In recent years gun-related incidents and attacks have been on the rise. This poses the need for civilians, security personnel, military and law enforcement agents in the US to look into their options for body armor. While no vest is 100% bulletproof, it can significantly increase the wearer’s chances of survival in the event of getting shot. With this in mind, there are different types of ballistic armors suitable against the different types of calibers available in the US today; from soft “lightweight” body armor, to hard body armor with heavy ballistic plates.

To understand how to use body armor in protecting yourself and your loved ones, you need to know what the different levels are and what they protect against. According to the internationally-approved standards of the National Institute of Justice (NIJ), there are IV levels of body armor, classified as follows:

  • Level I: Offers protection from .22LR, 40gr/1050fps up to .380 ACP FMJ RN 95gr/1025fps. This level is no longer in use.
  • Level IIA: Offers protection from 9mm FMJ RN 124gr/1090fps up to .40S&W FMJ 180gr/1025fps in addition to all Class I threats. This is also a light vest and can be worn all day without interfering with your mobility or movement.
  • Level II: Offers protection against 9mm FMJ RN 124gr/1175fps (+P?) and .357Magnum JSP IIA 158gr/1400fps, plus all Class I and a threats. This is somewhat bulkier and is worn full time by many law enforcement officers.
  • Level IIIA: Offers protection against 9mm FMJ RN 145gr/1400fps and .44Magnum JHP 240gr/1400fps as well as most other handgun threats and class I through II threats. The aforementioned calibers all being commonplace in many gun collections, class IIIA is a reasonable purchase. This level of protection is the highest available that can still be concealable. Its bulk can make it an issue for daily usage in warmer climates, which can result in health issues, like heat exhaustion. Some of the newer models can be augmented with steel plates that offer further protection, but this adds to weight and heat.
  • Level III: Offers protection against 7.62mm FMJ (M80) 148gr/2750fps as well as class I through IIIA threats as well as against the .223 Remington (5.56×45mm NATO). This armor is heavy and not suitable for daily use. Its benefit comes from tactical use, such as breaching and overcoming barricades. Some of the newer vests can be augmented with hard plates to increase their protective properties.

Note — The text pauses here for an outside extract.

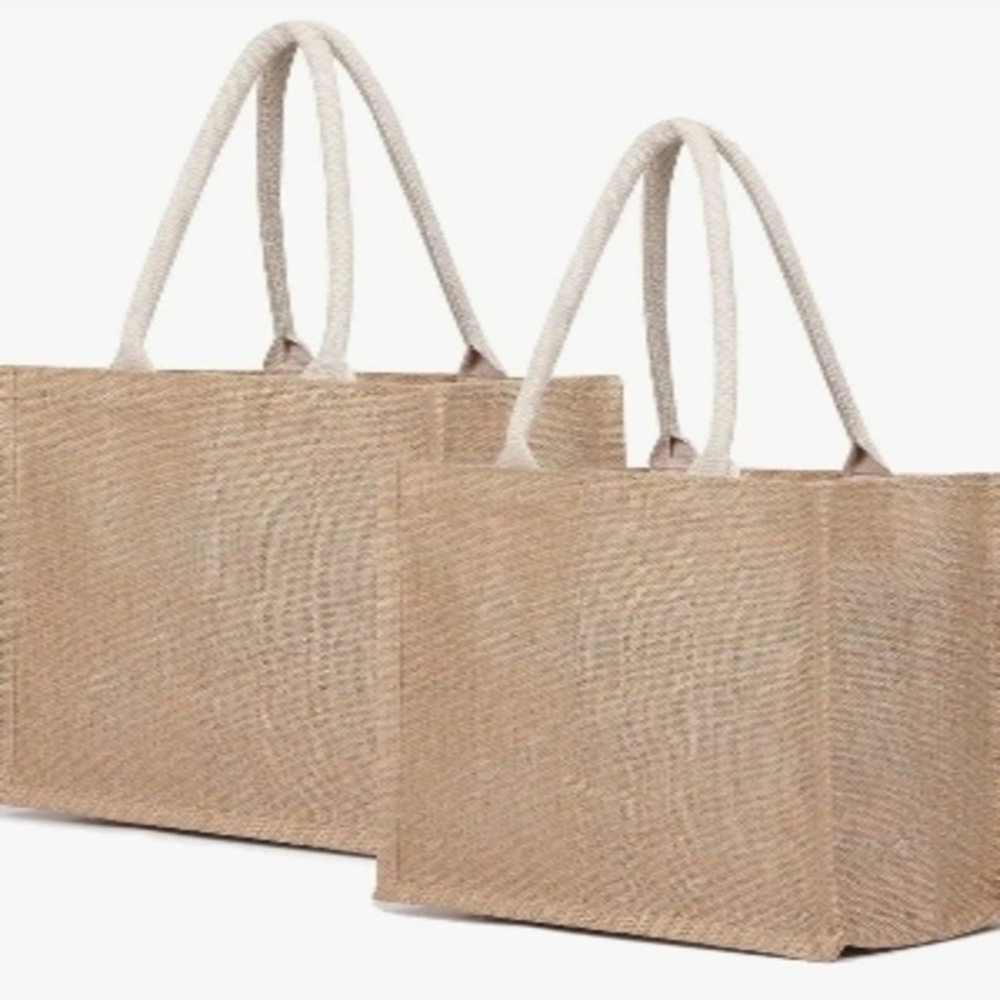 Jute bag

The issues with this level are the same as class II but to a somewhat greater extent.
  • Level IV: Offers protection against .30 Caliber Armor Piercing bullets (M2AP) 166gr/2850fps plus all previous threats and the .308 Winchester, which is similar to the military 7.62x51mm specifications. Other rounds Level IV is effective against are the sniper 7.62×54mmR, the .30-06 Springfield cartridge, the .300 Winchester used by gun enthusiasts, hunters, the Military and Law Enforcement, the long-range sniper. This is the highest level of protection and not suitable in urban settings, for prolonged use, or by untrained individuals. It is for military and law enforcement agents who operate in high-risk, war-torn environments.

While it’s nearly impossible to procure body armor that protects against all firearms in existence and use, there are ways to improve your chances of survival. Knowing the type of environment you will be moving through and the likely threats you are expected to face can help you choose the right bullet proof vest. Be aware that it’s not a good idea to automatically go for the highest possible level with hard plate add-ons as this may add unnecessary weight and visibility to your gear.

In recent years, the most commonly used firearms in random and terrorist attacks are semi-automatic AR-15 rifles and low-caliber handguns. While the latter can be stopped by a standard Level III vest, you will need additional ceramic plates to ensure protection against the 5.56 mm ammunition used in most AR-15 rifles. There is currently a large variety of covert and overt bulletproof vests that have pockets, where extra plates can be fitted to increase the security level. Both carry their advantages in different situations. For example, covert vests work better in urban environments, where you don’t want to draw attention to the fact that you are wearing body armor while overt vests are easy and quick to put on in the event of an unforeseen situation.

These days, access to weapons that combine the firepower of a rifle with the high-capacity ammunition magazines designed for assault rifles with the increased concealability of a handgun is easier than ever. This poses a lot of security issues, the biggest one of them all of how can civilians equip themselves against this type of danger. With proper research and assessment of the crime statistics of your local urban environment, you can take the necessary precautions to ensure your safety in the event of any attack and always be adequately prepared.